I fear you have a big challenge- the chances that two different mics will make a seemless cut on continous dialogue is slim- even if the mics are very similar in design and purpose and almost hopeless if their placement was not identical.
That said- a pretty solid understanding of sound and the STP toolkit is badly needed. If your project is anything but a hobby, you might drive yourself crazy- experimenting with audio is fun when you know what your doing- its maddening when you don't.
STP has an interesting little tool- spectrum analyzer- I believe it is called. If you are so lucky as to have the same dialogue recorded from both mics, you might be able to anaylize "visually" what is different between the two.
If this line makes sense and you have the same dialogue from both mics, try it and see if you can "see" the difference and make the needed adjustments- it will never sound identical because- it's not.
Your best hope might be to "tweak" both mic tracks to a "middle-ground". By that, I mean effect them both in a way that they sound similar.
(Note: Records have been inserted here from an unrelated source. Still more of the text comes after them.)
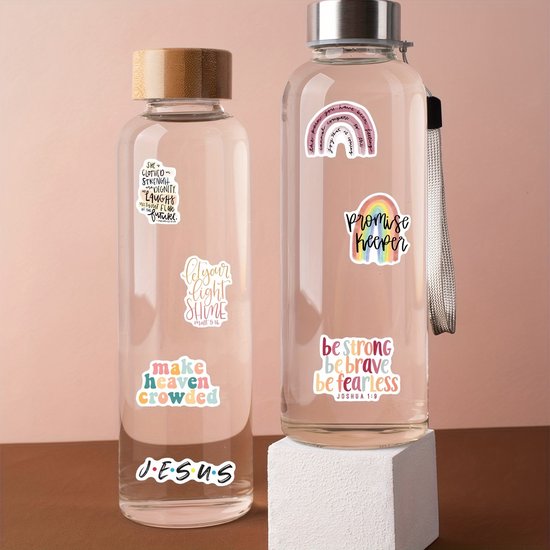 Twee waterflessen met christelijke stickers: 'She is clothed in strength dignity' en 'Get your light shine'.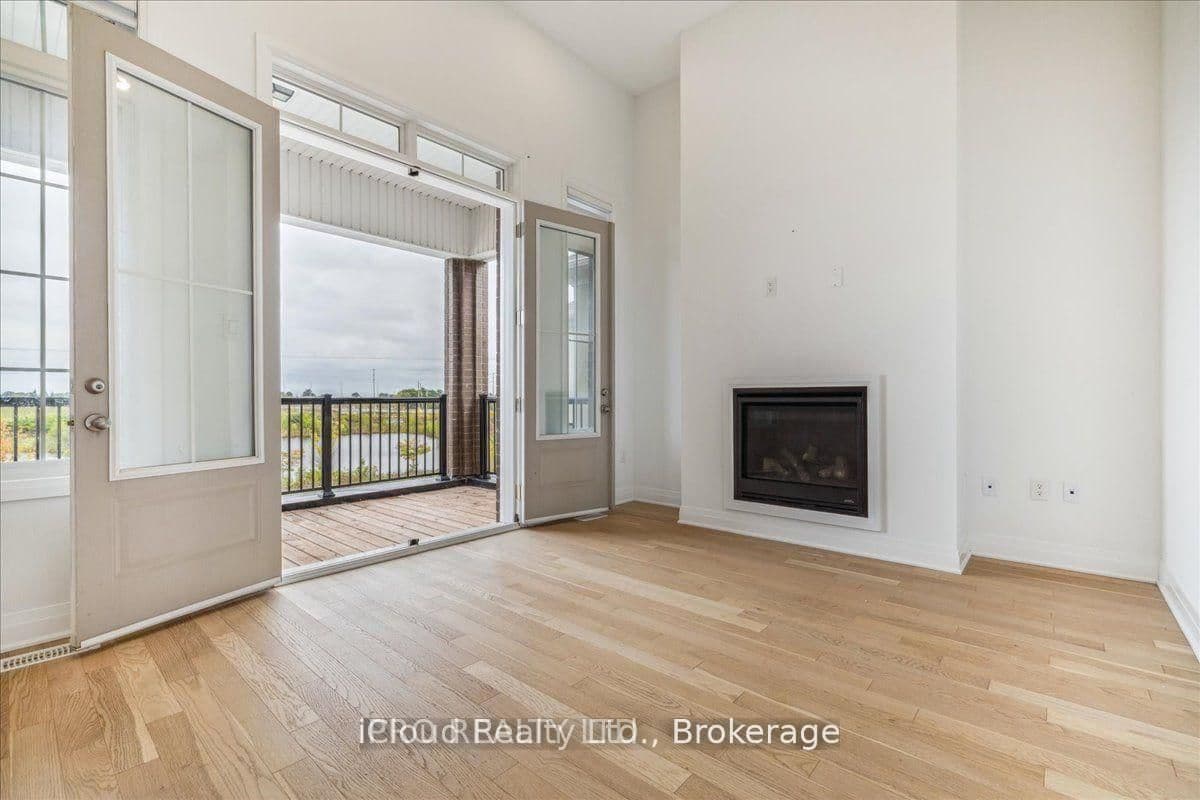 925 Hickory Crescent, Unit Main thumbnail 5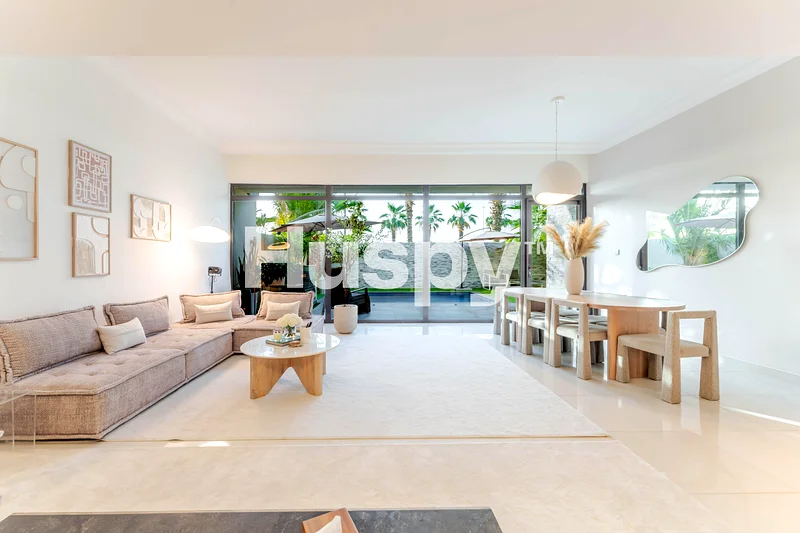 Single Row | Furnished | Private Pool63970972284290113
The hope of making A sound like B, or B sound like A is slim, maybe you can make A and B sound kind of like C.
STP is awesome but it's not a replacement for a consistent, quality-minded location audio person with good gear.
Last thought- any hope of ADR (Automated Dialogue Replacement, I think)- or calling your talent in to "revoice" this portion of the show? This is the process of putting talent in a booth, playing back the scene on a monitor and letting them revoice the scenes in question.
Hollywood, and some of us, do it all the time. It can be tedious but is most effective.